### Work task
Look through the data below and output, unchanged, every line from the one holding "Дэян: Jun Hotel" through the one holding "AVA 15° Fixed", inclusive. Skip the pictures.

### Material provided
——

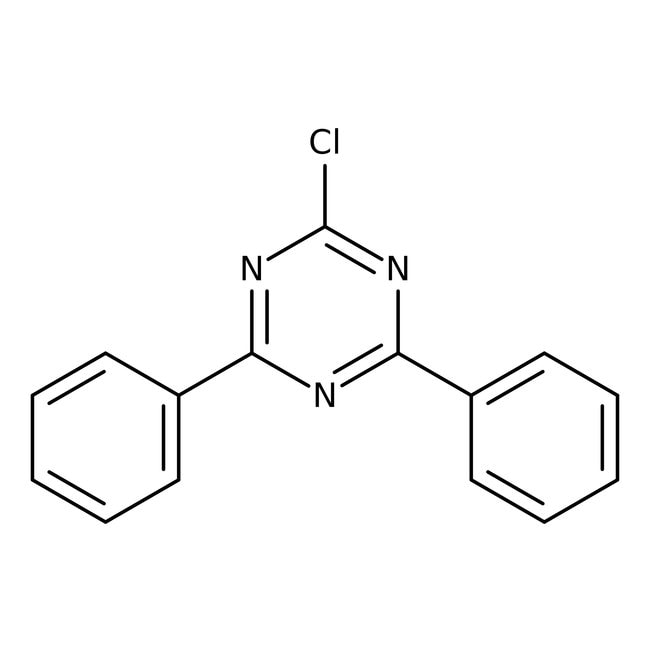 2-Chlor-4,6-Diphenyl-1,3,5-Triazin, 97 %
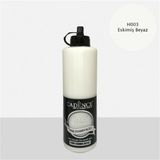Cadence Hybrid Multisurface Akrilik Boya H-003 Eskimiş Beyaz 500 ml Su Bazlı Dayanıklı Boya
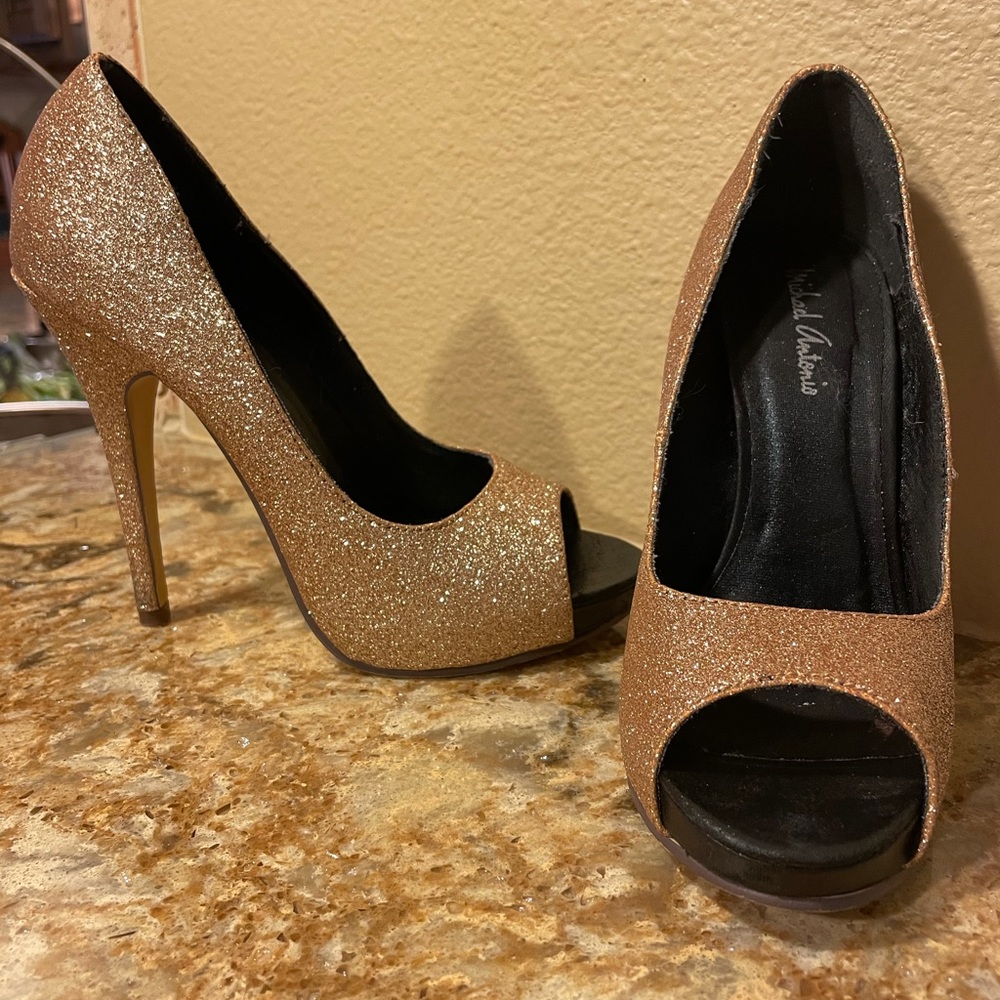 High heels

——

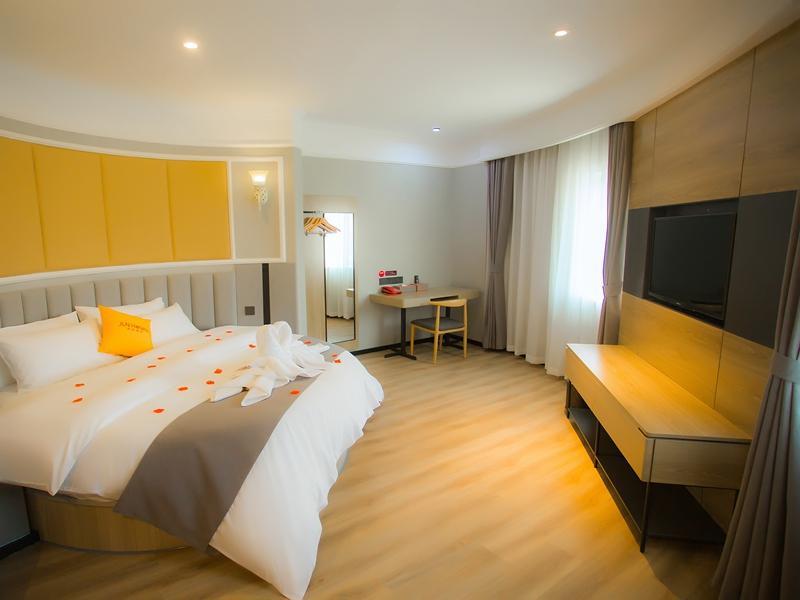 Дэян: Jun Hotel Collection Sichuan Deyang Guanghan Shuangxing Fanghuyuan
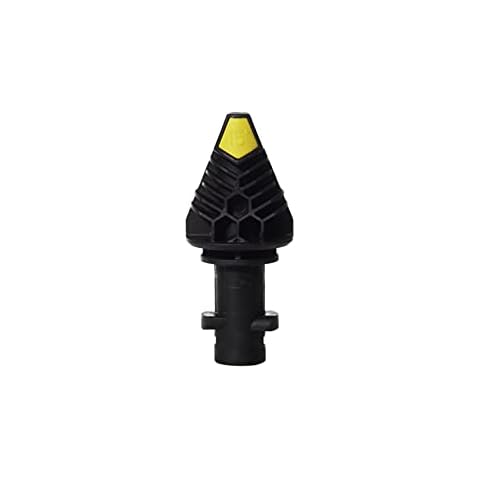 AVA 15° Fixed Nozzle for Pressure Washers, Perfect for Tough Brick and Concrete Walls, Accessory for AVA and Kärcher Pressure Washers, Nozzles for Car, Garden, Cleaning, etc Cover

——

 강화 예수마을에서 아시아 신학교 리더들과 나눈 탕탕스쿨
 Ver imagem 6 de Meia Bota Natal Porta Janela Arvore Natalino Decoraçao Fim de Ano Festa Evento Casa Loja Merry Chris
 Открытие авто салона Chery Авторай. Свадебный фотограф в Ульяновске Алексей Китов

——

### Answer section
 Дэян: Jun Hotel Collection Sichuan Deyang Guanghan Shuangxing Fanghuyuan
 AVA 15° Fixed Nozzle for Pressure Washers, Perfect for Tough Brick and Concrete Walls, Accessory for AVA and Kärcher Pressure Washers, Nozzles for Car, Garden, Cleaning, etc Cover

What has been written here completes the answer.